Qual è il senso di riempire pagine di parole, parole ed ancora parole se non iniziamo, noi genitori, a crescere bambini e quindi - uomini - che rispettino le donne, tutte le donne, di ogni età ed etnia.
Un mio articolo di due anni fa iniziava con questo grido: Per cambiare la mente degli uomini ci vogliono mamme che insegnino il rispetto verso le donne. Lo sviluppo del pensiero che ci accompagnerà negli anni della maturità inizia con lo sviluppo del linguaggio e quindi: i primi tre anni vita. Avrei voluto cambiare l’incipit oggi, ma non avrei saputo come altro iniziare, il discorso è sempre lo stesso, in due anni non è cambiato e né sta cambiando nulla. E’ alle mamme che vorrei arrivasse il messaggio: mamme, insegnate ai bambini il rispetto verso la donna ed alle bambine il rispetto verso se stesse e, soprattutto, fare attenzione a non confondere mai il linguaggio dell’amore, il denominatore comune deve essere la comprensione e non il possesso.
Siamo noi donne le artefici del nostro futuro di genere, rimbocchiamoci le maniche ed iniziamo ad insegnare il rispetto, qualcuno forse irriderà ma non dimenticate che il primo insegnamento avviene attraverso il processo dell’imitazione. Proviamo a non permettere mai a nessuno di usare violenza contro di noi, fisica o verbale che sia, neanche al padre dei nostri figli in nome dell’amore. I bambini sono osservatori passivi, le immagini di vita quotidiana diventano le solide basi del comportamento adulto, più di ogni altra cosa a fissarsi in modo indelebile sono le immagini a forte contenuto emotivo. Sappiamo bene tutti che la famiglia ideale non esiste, è normale che le dinamiche intra-familiari possano sfociare alcune volte in situazioni conflittuali e dare avvio a discussioni, in fondo la coppia genitoriale è un concentrato di due sistemi genetico-educazionali che ad un certo punto della vita s’incontrano per amalgamarsi. I contrasti, più o meno ben gestiti, non dovrebbero mai avvenire davanti ai bambini, utilizzare una stanza con porte e finestre chiuse per litigare, tenendo ovviamente i figli fuori, significa attuare un sistema di educazione ragionevole da adulti responsabili.

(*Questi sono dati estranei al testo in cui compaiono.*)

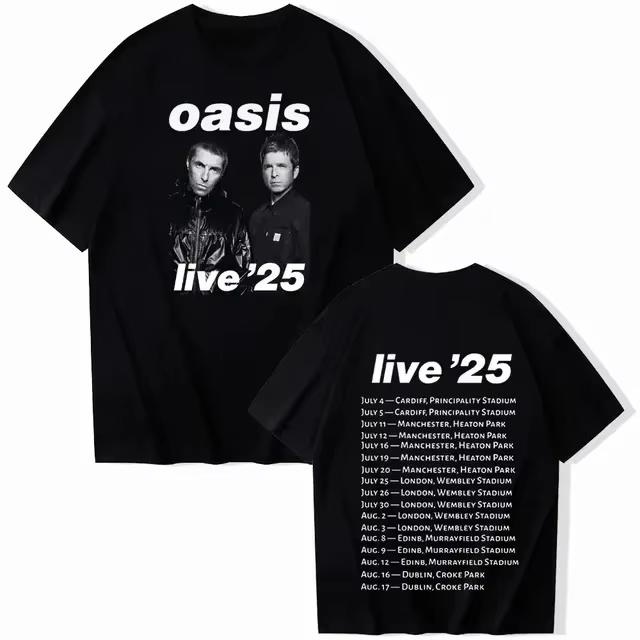 New Arrival Oasis Live 25 Tour Short Sleeved Round Neck Y2k Tshirt Men Clothing New In Top & Tees Mens T-Shirt Ropa Hombre 70236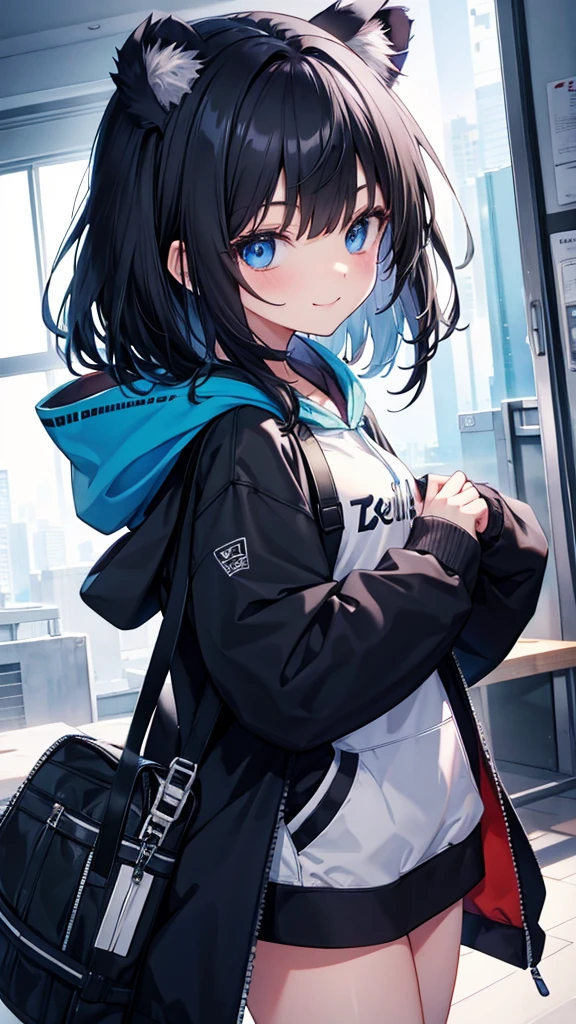 Koala ears hoodie、Black Hair、Medium Hair、blue eyes、Girl Solo, front、High resolution, smile, Character portrait, Setting diagram, anime,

La responsabilità è un concetto da apprendere sempre nei primi anni di vita, ecco che siamo nuovamente punto e a capo, torniamo all’educazione e soprattutto come gestire la rabbia e la conseguente aggressività. La differenza questa volta è nel fatto che la rabbia è uno degli istinti emozionali naturali dell’essere vivente, nei bambini fa la sua comparsa già nei primi mesi di vita, le strutture cerebrali del sistema limbico che per prime iniziano a diffondere il loro input sono il talamo e l’amigdala. Si è visto che proprio in queste aree hanno origine le emozioni, la rabbia è una di queste, è verosimile quindi che ogni evento esterno vada a generare una successiva elaborazione dell’emotività e che a sua volta andrà ad influenzare lo sviluppo cognitivo. A solo esempio cito una delle modalità messe in atto all’epoca dagli indiani Sioux per sviluppare l’aggressività. Ai neonati, in genere dopo il sesto mese, erano lasciati piangere molto prima di offrire il seno per alimentarli, quando erano attaccati per soddisfare il bisogno della fame, in contemporanea venivano dati dei colpettini sulla testa per disturbare il momento idilliaco. Tra tutti i nativi americani i Sioux sono passati alla storia per la loro aggressività!
Essere genitori oggi significa essere pronti ad accogliere ed educare un bambino, molti riescono nel loro compito bene altri, un po’ meno. Se ci si rende conto di aver bisogno di aiuto, non aver timore di richiederlo, professionisti come il pediatra, lo psicologo specializzato nell’età evolutiva e lo psichiatra sapranno accompagnare chi si occupa del percorso di crescita dei bambini.